[EXERCISE] Repeat everything from the first line of the listing below through the line that contains "Îlot de Cuisine", exactly. Leave out pictures.

[GIVEN DATA]
======

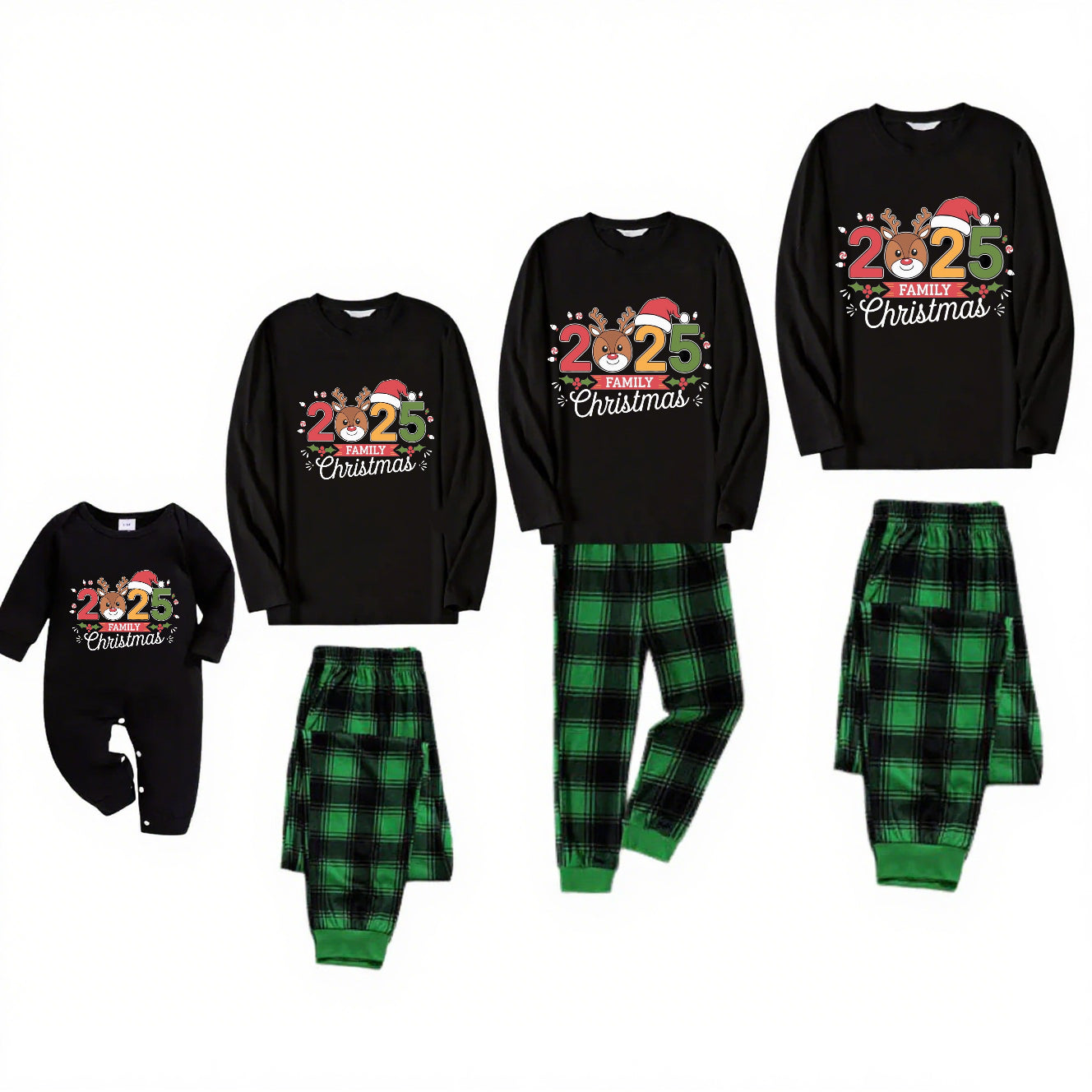 Cozy Joy-Green Plaid Family Christmas Pajamas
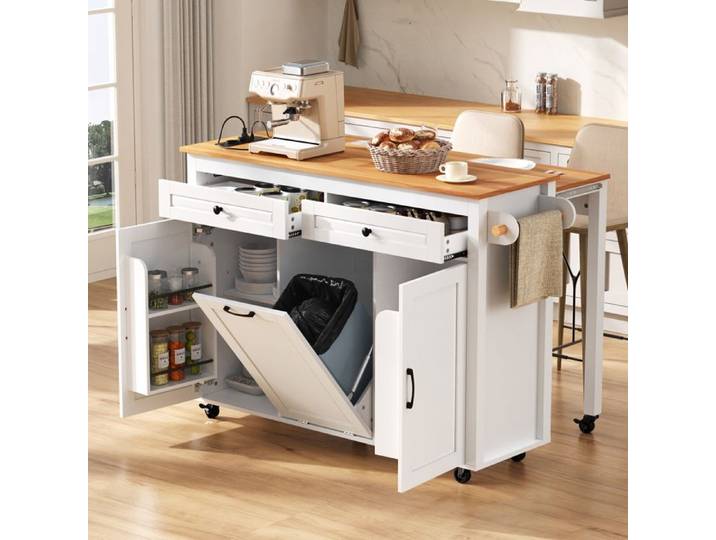 Îlot de Cuisine Roulant avec Plateau Extensible Prise Intégrée et Espace Poubelle Meuble Cuisine Mobile Blanc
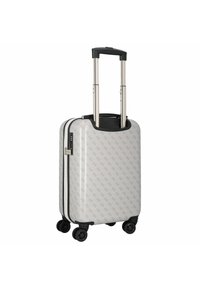 Hartschalen-Handgepäckkoffer in Weiß mit subtilen Logo-Muster, schwarzen Akzenten, ausziehbarem Griff und vier Spinner-Rädern für einfache Mobilität.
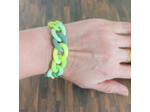 Bracelet gros maillons tons vert argenté 22mm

======

[EXERCISE RESPONSE]
 Cozy Joy-Green Plaid Family Christmas Pajamas
 Îlot de Cuisine Roulant avec Plateau Extensible Prise Intégrée et Espace Poubelle Meuble Cuisine Mobile Blanc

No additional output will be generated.